Your instructions: Go to the line below containing "Habitación de hotel" and print exactly from there through the line containing "Handheld bouquet of", both included. Print nothing else.

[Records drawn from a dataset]
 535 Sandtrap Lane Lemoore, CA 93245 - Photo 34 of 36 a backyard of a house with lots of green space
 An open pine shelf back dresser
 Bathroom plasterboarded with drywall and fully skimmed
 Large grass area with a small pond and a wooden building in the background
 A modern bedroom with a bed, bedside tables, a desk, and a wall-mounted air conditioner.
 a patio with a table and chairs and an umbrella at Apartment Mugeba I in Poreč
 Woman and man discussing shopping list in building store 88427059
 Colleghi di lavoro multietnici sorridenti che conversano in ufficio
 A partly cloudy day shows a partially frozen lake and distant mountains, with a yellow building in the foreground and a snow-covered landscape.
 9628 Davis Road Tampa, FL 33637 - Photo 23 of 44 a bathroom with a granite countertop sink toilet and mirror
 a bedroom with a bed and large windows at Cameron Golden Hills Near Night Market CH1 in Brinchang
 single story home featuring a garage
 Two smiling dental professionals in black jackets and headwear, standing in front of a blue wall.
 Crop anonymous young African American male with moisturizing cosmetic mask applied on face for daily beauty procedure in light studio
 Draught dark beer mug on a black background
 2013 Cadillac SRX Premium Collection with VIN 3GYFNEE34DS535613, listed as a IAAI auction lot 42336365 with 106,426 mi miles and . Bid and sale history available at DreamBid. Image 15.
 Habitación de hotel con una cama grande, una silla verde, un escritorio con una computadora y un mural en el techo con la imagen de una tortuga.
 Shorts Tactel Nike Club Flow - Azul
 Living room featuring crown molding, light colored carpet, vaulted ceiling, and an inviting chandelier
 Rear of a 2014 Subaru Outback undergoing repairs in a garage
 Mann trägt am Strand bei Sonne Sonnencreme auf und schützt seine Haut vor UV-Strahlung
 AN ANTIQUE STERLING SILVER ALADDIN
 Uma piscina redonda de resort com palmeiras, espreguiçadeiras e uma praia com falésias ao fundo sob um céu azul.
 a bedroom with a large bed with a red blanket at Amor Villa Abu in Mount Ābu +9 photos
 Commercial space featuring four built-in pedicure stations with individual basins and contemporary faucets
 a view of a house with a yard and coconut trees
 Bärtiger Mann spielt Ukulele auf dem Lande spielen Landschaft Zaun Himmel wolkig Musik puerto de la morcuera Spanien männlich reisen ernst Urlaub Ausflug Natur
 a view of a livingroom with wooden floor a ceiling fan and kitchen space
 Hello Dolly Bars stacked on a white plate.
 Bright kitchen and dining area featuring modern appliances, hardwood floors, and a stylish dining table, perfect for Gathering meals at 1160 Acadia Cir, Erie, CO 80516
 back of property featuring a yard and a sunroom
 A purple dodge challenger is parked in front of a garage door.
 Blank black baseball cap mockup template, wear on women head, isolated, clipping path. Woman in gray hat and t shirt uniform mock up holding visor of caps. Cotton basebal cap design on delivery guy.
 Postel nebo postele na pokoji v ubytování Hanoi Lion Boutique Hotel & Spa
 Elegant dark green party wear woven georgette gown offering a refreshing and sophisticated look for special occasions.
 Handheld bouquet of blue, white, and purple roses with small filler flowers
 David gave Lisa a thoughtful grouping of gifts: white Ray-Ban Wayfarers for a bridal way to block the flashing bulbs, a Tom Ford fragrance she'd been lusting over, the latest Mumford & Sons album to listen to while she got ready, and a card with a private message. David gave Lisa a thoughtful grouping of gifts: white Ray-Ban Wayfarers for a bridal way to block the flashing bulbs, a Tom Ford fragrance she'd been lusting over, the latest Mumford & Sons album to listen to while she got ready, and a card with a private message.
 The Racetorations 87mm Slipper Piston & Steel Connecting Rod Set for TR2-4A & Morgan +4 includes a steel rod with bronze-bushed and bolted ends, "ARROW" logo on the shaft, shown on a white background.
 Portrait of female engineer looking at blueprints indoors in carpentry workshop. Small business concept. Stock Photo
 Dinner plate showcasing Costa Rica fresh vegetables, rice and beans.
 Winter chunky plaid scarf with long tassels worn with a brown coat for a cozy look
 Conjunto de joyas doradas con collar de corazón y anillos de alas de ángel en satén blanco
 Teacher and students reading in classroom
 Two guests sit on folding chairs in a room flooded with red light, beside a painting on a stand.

Answer for the task:
 Habitación de hotel con una cama grande, una silla verde, un escritorio con una computadora y un mural en el techo con la imagen de una tortuga.
 Shorts Tactel Nike Club Flow - Azul
 Living room featuring crown molding, light colored carpet, vaulted ceiling, and an inviting chandelier
 Rear of a 2014 Subaru Outback undergoing repairs in a garage
 Mann trägt am Strand bei Sonne Sonnencreme auf und schützt seine Haut vor UV-Strahlung
 AN ANTIQUE STERLING SILVER ALADDIN
 Uma piscina redonda de resort com palmeiras, espreguiçadeiras e uma praia com falésias ao fundo sob um céu azul.
 a bedroom with a large bed with a red blanket at Amor Villa Abu in Mount Ābu +9 photos
 Commercial space featuring four built-in pedicure stations with individual basins and contemporary faucets
 a view of a house with a yard and coconut trees
 Bärtiger Mann spielt Ukulele auf dem Lande spielen Landschaft Zaun Himmel wolkig Musik puerto de la morcuera Spanien männlich reisen ernst Urlaub Ausflug Natur
 a view of a livingroom with wooden floor a ceiling fan and kitchen space
 Hello Dolly Bars stacked on a white plate.
 Bright kitchen and dining area featuring modern appliances, hardwood floors, and a stylish dining table, perfect for Gathering meals at 1160 Acadia Cir, Erie, CO 80516
 back of property featuring a yard and a sunroom
 A purple dodge challenger is parked in front of a garage door.
 Blank black baseball cap mockup template, wear on women head, isolated, clipping path. Woman in gray hat and t shirt uniform mock up holding visor of caps. Cotton basebal cap design on delivery guy.
 Postel nebo postele na pokoji v ubytování Hanoi Lion Boutique Hotel & Spa
 Elegant dark green party wear woven georgette gown offering a refreshing and sophisticated look for special occasions.
 Handheld bouquet of blue, white, and purple roses with small filler flowers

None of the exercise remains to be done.